--- Instructions to follow ---
Restate word for word the entries below, starting at the line with "2010 Ford F150" and ending at the line with "GLAM by MNM". Keep both end lines and omit the pictures.

--- Data to use ---
——

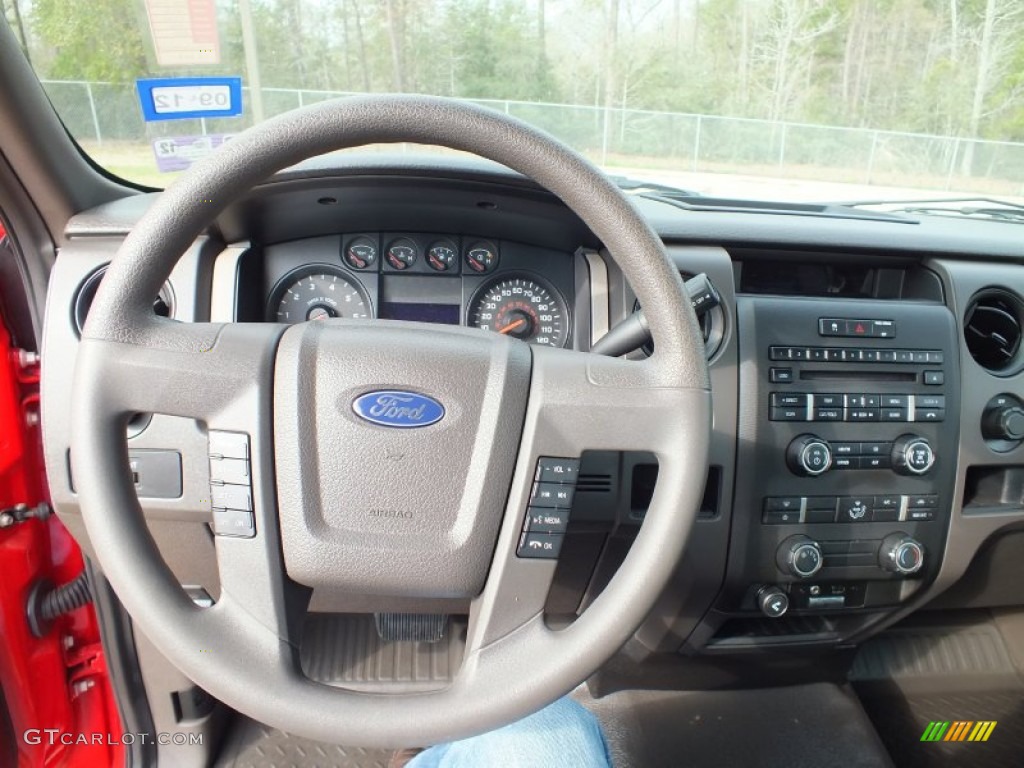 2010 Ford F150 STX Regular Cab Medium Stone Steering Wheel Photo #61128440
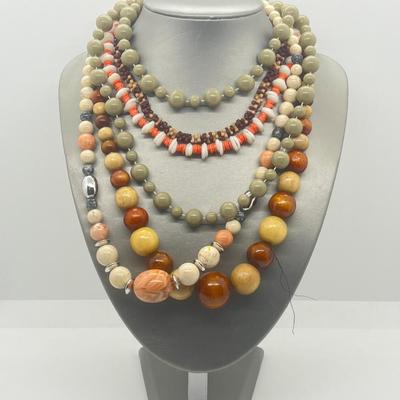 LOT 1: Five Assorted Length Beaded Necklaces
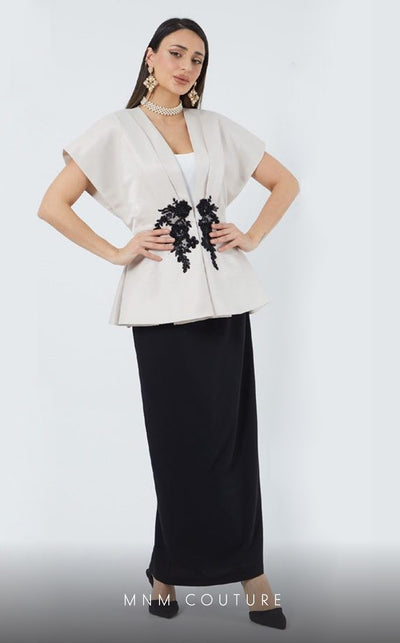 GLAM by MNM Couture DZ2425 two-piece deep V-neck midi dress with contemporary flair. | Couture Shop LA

——

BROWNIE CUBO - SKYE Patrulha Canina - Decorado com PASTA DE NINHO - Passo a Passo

——

--- Response to this task ---
 2010 Ford F150 STX Regular Cab Medium Stone Steering Wheel Photo #61128440
 LOT 1: Five Assorted Length Beaded Necklaces
 GLAM by MNM Couture DZ2425 two-piece deep V-neck midi dress with contemporary flair. | Couture Shop LA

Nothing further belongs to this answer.